Why I like R — web scraping and the NBA playoffs

Learning R has been fun for a number of reasons for me. One is simply that I find programming fun. It’s like solving puzzles for me. Sure there’s a lot of frustration involved, but I find it worthwhile. R has been fun because I love numbers and it’s designed for statistics. Another passion is efficiency. I don’t like to do things by hand if I have to, and I love to automate things. Today I wanted to demonstrate some of the possibilities R has to offer. Instead of something archaeology related, I’ll talk about another passion of mine–sports.
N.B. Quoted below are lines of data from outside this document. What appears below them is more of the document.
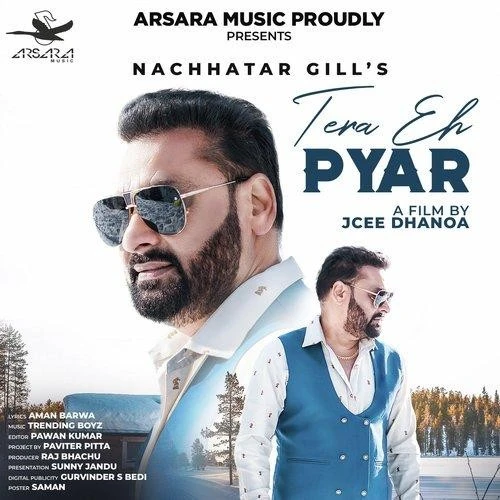Download Tera Eh Pyar Nachhatar Gill mp3 song, Tera Eh Pyar Nachhatar Gill full album download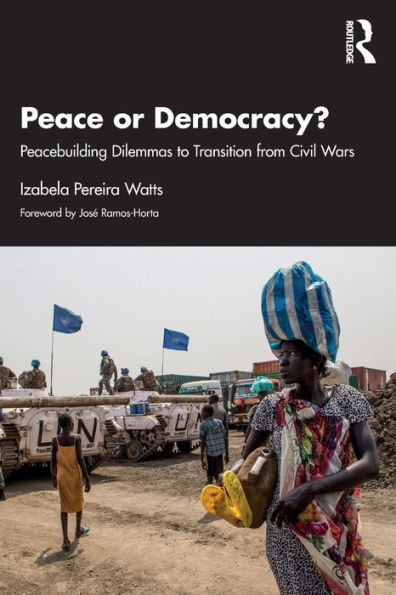 Peace or Democracy?: Peacebuilding Dilemmas to Transition from Civil Wars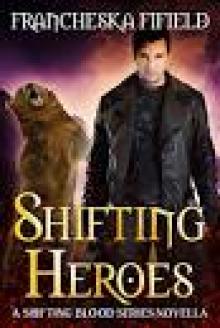 Shifting Heroes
The NBA playoffs are about to start and my beloved Utah Jazz are racing for the number one seed. I frequently check fivethirtyeight’s and ESPN’s playoff predictions. These are great, but they don’t show the odds of ending up in a particular playoff spot. I decided to sit down and see if I could calculate the odds before the game against Golden State ended tonight.

If you’re not interested in the code, then skip to the end, and I’ll tell you the numbers. This isn’t an introduction to R, it’s more me showing some of the capabilities of R. The great thing is, you can adapt this code to see the odds your team hits a certain number of wins.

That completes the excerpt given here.